Every year, we go away for a weekend of old-fashioned brother bonding. I wanted to ski, but my budding film-producer brother kept muttering about film festivals in Sedona, Ariz., or Napa Valley.

Lucky for me, I discovered the slope-close Boulder International Film Festival slated for February. Crisis averted. (And, to be honest, I'd wanted to see Boulder ever since "Mork & Mindy" made it look oddly appealing on TV in the late '70s.)

So back at the hotel, the terrific new St. Julien Hotel & Spa, we huddled over the film festival schedule.

The vibe at the St. Julien is more see-and-be-seen than you might expect in Boulder. It's in a corner of downtown but still within walking distance of all of the notable restaurants and shops. The building has a sleek stone and glass exterior, and the lobby is bright and modern-looking. The hotel's trendy bar, T-Zero, looked small at first glance but we learned during a late-night drink that a big crowd can be packed inside.

Our room had a modern, masculine feel -- lots of earth tones, stained wood furniture and black-and-white photographs. The slate-tiled bath was spacious, with a large glass-enclosed shower next to the bathtub.

My only complaint was a shortage of closet space and bathrobes that were cut for petite women. The hotel also uses plush chipmunks or gophers as do-not-disturb signs. I'm sure the hotel is trying to push a wildlife theme, but in the early-morning hours it looks as if a pack of rodents has hanged itself on the doors.

After a quick bite at the hotel's Jill's Restaurant, where the food was only so-so, we headed off to a lecture by documentarian Jim Butterworth. His "Seoul Train," about North Koreans who are caught after fleeing to China, won the best documentary prize at the 2005 festival.
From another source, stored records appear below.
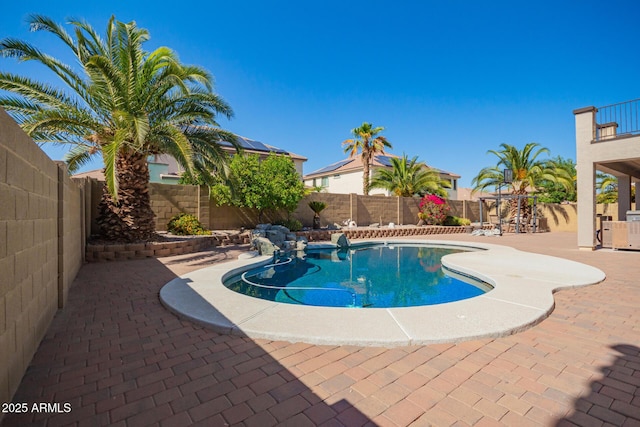 view of pool featuring a patio area, a fenced backyard, and a fenced in pool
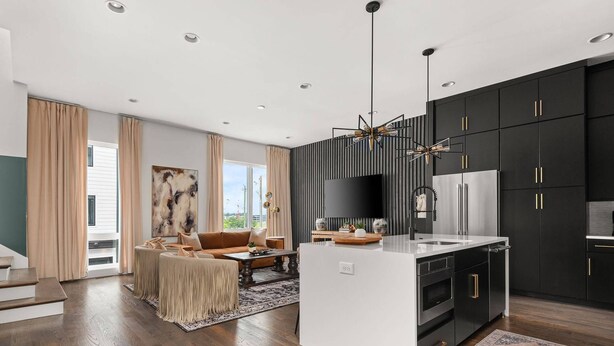 A modern kitchen with black cabinets, a stainless steel refrigerator, and a central island. - Howdy Honey! 8 Beds ~ Hot Tub with Double Deck Rooftop & Amazing City Views  ~ 3 Miles to Broadway! (Nashville)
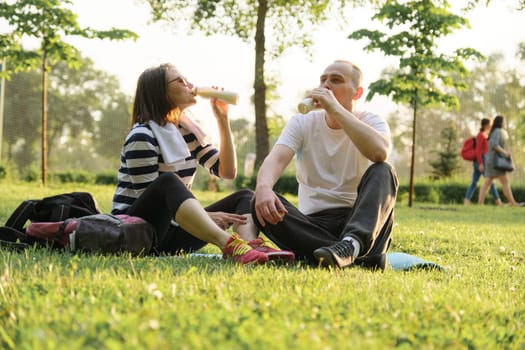 Happy mature couple sitting in the park on fitness mat, resting drinking yogurt after sports exercises. Healthy lifestyle and food age people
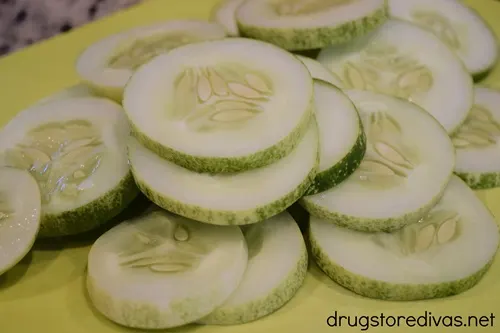 Cucumber slices on a yellow green cutting board.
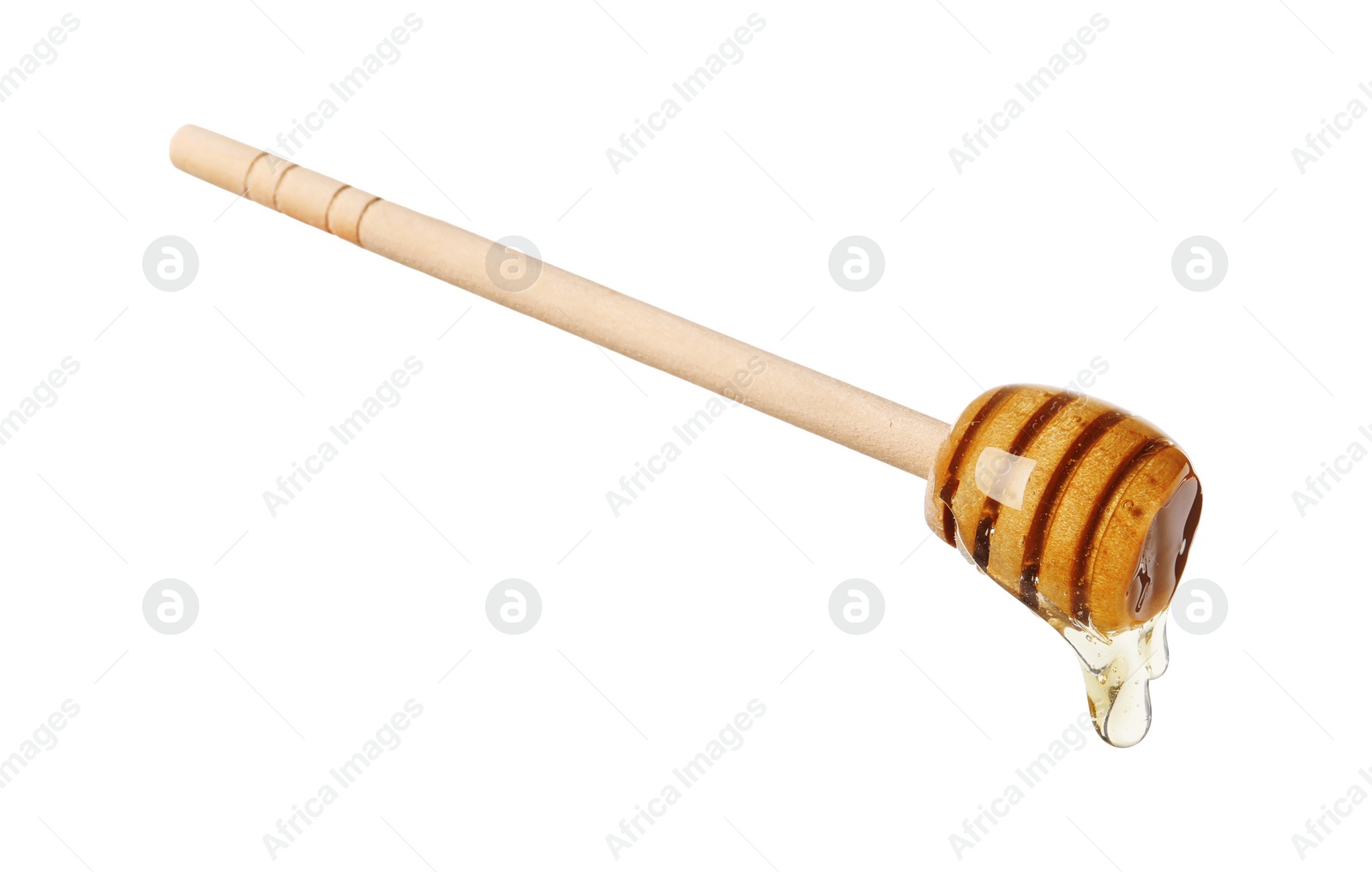 Photo of Natural honey dripping from dipper on white background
As a journalist, I thought the topic was right up my alley, but I was still wishing we were on the slopes. Sean, of course, loved it.

A film festival vacation might seem an odd idea to some, but it makes for an enjoyable weekend. There are always lots of movies to choose from, including many more documentaries than I'd expected. (I've learned that festivals are the primary way documentary films get noticed.)

I'd been to the Sundance Festival in Park City, Utah, a few times, but frankly, there's too much Botox and fur for my taste. And the festival overruns the town to such an extent that visitors get more a sense of Hollywood than of Park City. Smaller festivals, which dozens of cities now host throughout the year, make for a better getaway. They can offer an appealing mix of the serious and quirky that caters to local film buffs more than to entertainment-industry types. Stars sometimes show up to support their indie projects, though I didn't see any.

Boulder also is a near-perfect place for Californians who want a taste of a small mountain town atmosphere but need some of the amenities of urban life. It's about an hour's drive from Denver and central to a list of nice ski resorts. Eldora Mountain Resort, a small but uncrowded ski area, is about 30 minutes from town, and Keystone, Vail and Breckenridge are close enough for a day trip.

Home to the University of Colorado at Boulder, it is, like many college towns, eminently walkable. Downtown is centered around Pearl Street, a pedestrian mall that is probably more appealing when the temperature is above freezing. Still, I dragged Sean through the eclectic strip: Urban Outfitters, funky antique markets, used book stores and an upscale wine shop. There was even a small skating rink in the center of town, which was packed with families with kids who were enjoying the outdoors more than I was.

*

Selection of restaurants

WHEN we arrived on Friday night, the concierge at the St. Julien suggested a nearby restaurant, but I didn't like the look of it when we went inside -- it was too crowded and felt dated -- and the wait was more than an hour. So we went to the Boulder Chop House & Tavern a few doors up.